Der ehemalige Musiker Jonny Häusler, der heute eine Internetagentur führt, makelte den bunten Lizenzierungen auch prompt an, dass Musik deutlich emotionalisierter verhandelt wird als Software. Und deshalb stärker davon bestimmt ist, in welchem Kontext sie auftaucht. Sein Fallbeispiel war ein Musikstück, das als Open Source beispielsweise von der NPD genutzt und unter ihre Werbung gelegt werden könnte. Kleinhenz konterte, dass es dieses Problem nicht nur für Musik gäbe, denn Quellcode sei auch eine Form der Meinungsäußerung. Sascha Kösch machte noch einmal deutlich, dass nicht das Verbot bei Open Music im Vordergrund steht, sondern die Erlaubnis. Das Problem bleibt natürlich bestehen. Looza von Tokyo Dawn Records, der dritte eingeladene Gast, erläuterte das Problem dann detaillierter und plauderte aus seiner Praxis als Musiker der Trackerszene.
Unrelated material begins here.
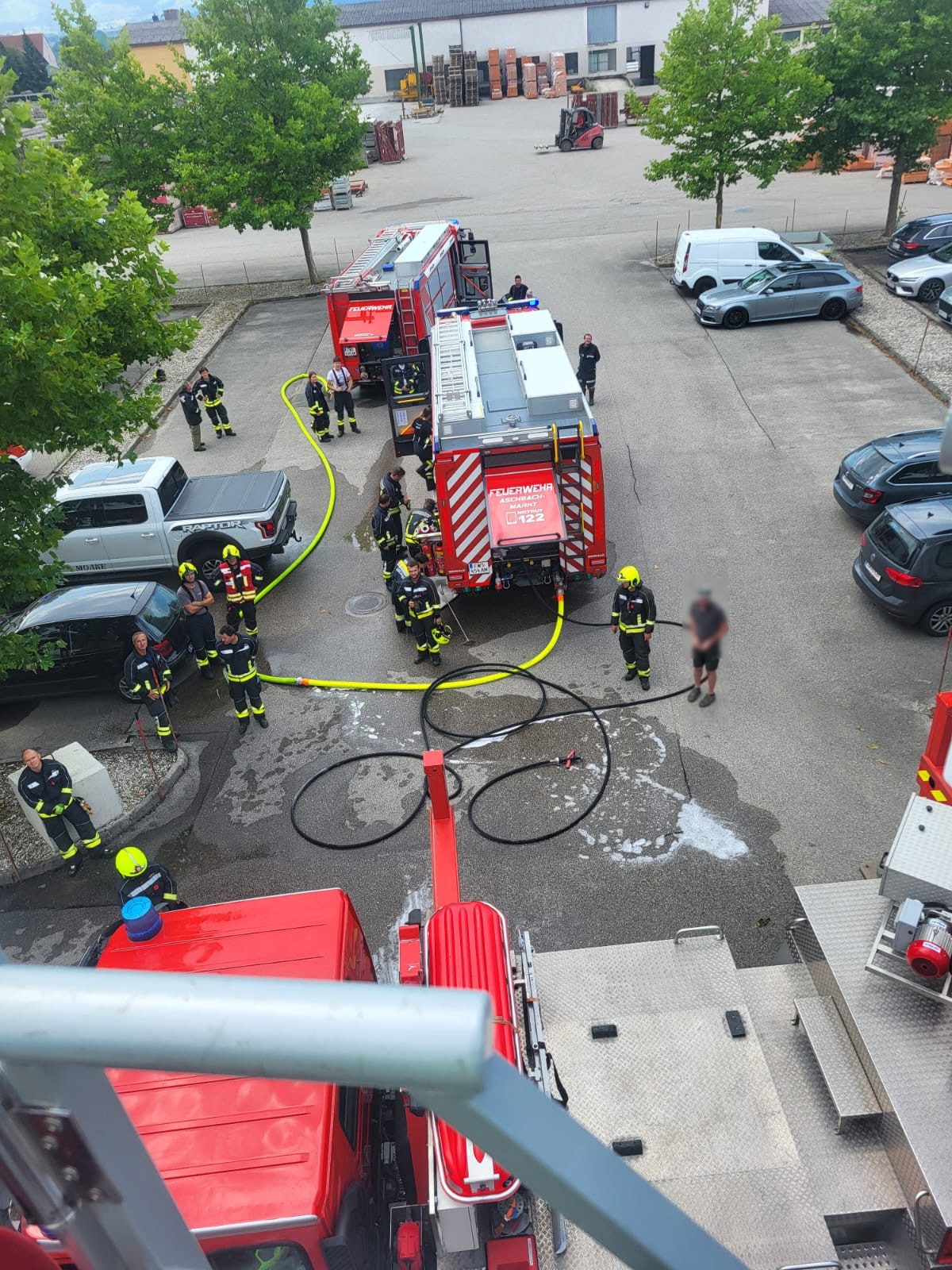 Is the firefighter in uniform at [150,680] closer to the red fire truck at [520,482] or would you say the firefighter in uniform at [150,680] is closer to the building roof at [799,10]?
the red fire truck at [520,482]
Von Open Source zu Freeware

Die Kongressteilnehmer nutzen fleißig das Funklan. Hier Veranstalterin Inke Arns auf dem Open Music Panel (Mitte).
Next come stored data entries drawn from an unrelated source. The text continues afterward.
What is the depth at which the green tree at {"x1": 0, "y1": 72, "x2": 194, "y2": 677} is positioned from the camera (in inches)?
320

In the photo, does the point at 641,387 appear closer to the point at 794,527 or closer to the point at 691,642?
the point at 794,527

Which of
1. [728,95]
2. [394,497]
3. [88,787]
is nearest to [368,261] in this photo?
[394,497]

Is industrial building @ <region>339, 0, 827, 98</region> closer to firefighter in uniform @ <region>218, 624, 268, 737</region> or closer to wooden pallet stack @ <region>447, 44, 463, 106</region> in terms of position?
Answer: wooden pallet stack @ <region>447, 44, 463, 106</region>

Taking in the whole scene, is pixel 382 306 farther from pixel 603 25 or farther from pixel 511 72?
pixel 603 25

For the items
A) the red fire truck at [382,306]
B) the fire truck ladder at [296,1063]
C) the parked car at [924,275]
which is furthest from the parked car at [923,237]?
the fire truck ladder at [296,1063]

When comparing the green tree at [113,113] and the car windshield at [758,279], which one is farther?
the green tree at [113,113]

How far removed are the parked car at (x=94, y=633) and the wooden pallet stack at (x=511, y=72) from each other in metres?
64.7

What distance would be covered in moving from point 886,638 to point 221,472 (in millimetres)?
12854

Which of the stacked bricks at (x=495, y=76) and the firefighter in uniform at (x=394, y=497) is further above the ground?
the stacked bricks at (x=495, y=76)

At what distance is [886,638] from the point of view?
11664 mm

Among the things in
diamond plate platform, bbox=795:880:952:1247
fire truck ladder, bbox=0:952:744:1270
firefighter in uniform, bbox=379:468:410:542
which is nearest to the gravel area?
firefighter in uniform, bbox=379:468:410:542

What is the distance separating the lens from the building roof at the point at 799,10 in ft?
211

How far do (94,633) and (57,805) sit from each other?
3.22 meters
Tokyo Dawn Records ist ein Musikprojekt, das aus der Trackerszene entstanden ist. Es veröffentlichte lange unter dem, was man dort als Open Source verstand, weil Open Source auch der Haltung der Trackszene entspricht. Ende der Neunziger wurde die Website sehr bekannt, denn zum einen wurde die Qualität der Tracker-Musik aus technischen Gründen immer besser und die Files immer größer, zum anderen wurde zu dieser Zeit intensiv über die Trackerszene berichtet. Dann kamen die ersten "Entwendungen". Ohne Absprache wurde ein Song in England als White Label gepresst. Weitere Zweckenfremdungen folgten, wie beispielsweise schlechte Remixe. Gleichzeitig gab es technische Probleme, die ftp-Server waren auf Grund der immer größeren Files immer stärker beansprucht.
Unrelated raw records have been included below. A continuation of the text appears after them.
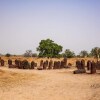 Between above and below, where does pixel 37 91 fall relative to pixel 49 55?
below

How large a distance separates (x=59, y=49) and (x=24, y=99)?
2297 inches

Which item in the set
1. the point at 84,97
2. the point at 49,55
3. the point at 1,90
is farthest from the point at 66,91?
the point at 49,55

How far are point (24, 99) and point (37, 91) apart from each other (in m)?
1.87

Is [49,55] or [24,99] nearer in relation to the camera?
[24,99]

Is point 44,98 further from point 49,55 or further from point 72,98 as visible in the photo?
point 49,55

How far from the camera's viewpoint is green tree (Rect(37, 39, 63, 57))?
67.8 metres

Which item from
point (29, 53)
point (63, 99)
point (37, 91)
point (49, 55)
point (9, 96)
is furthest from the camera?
point (29, 53)

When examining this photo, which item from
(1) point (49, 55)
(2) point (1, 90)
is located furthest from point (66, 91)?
(1) point (49, 55)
1999 organisierte sich Tokyo Dawn dann um. Einerseits wechselte man das Format von Mp3 auf das Open Source Komprimierungsverfahren ogg-vorbis, andererseits wurde man rigider und veröffentlichte nicht mehr alles, sondern unterwarf die Musik einer spezifischen Labelpolitik. Und - die Musik wurde nicht mehr als Open Source, sondern als Freeware freigegeben. Man durfte sie sich also weiterhin umsonst runterladen, aber nicht mehr mit ihr machen, was man wollte. Möglicherweise wird demnächst auch ein Micropayment-System eingeführt, das jedoch auf freiwilligem Zahlen basieren wird.

Looza sprach ein grundsätzliches Problem bei der Übertragung der GPL-Lizenzen auf Musik an: Software ist ein Format, das immer verbessert werden kann und weiter entwickelt wird. Bei Musikstücken dagegen gibt es einen Moment, in dem der Song fertig ist. Janko Roettgers stellte die Frage, wie relevant solche Lizenzen wie die von Open Music überhaupt seien, wenn sich keiner daran hält? Auch Sascha Kösch räumte ein, dass die Umsetzung derzeit nicht wirklich praktizierbar ist. Es folgte eine sehr lebendige, teilweise auch witzige und unterhaltsame Diskussion, an der sich das Publikum rege beteiligte - wenn es denn durfte. Anders als auf vielen anderen Panels musste man sich nicht durch Emailchecken oder sonstiges Surfen mit Hilfe des von den Veranstaltern zur Verfügung gestellten Funk-LANs ablenken, das zwar dankbar angenommen wurde, aber einen auch dazu einlud, während der Kongressveranstaltung sich mit vollkommen anderen Dingen abzulenken. Alles in allem kann man zum Open Music Panel zumindest sagen: Die Jungs haben sich gut geschlagen.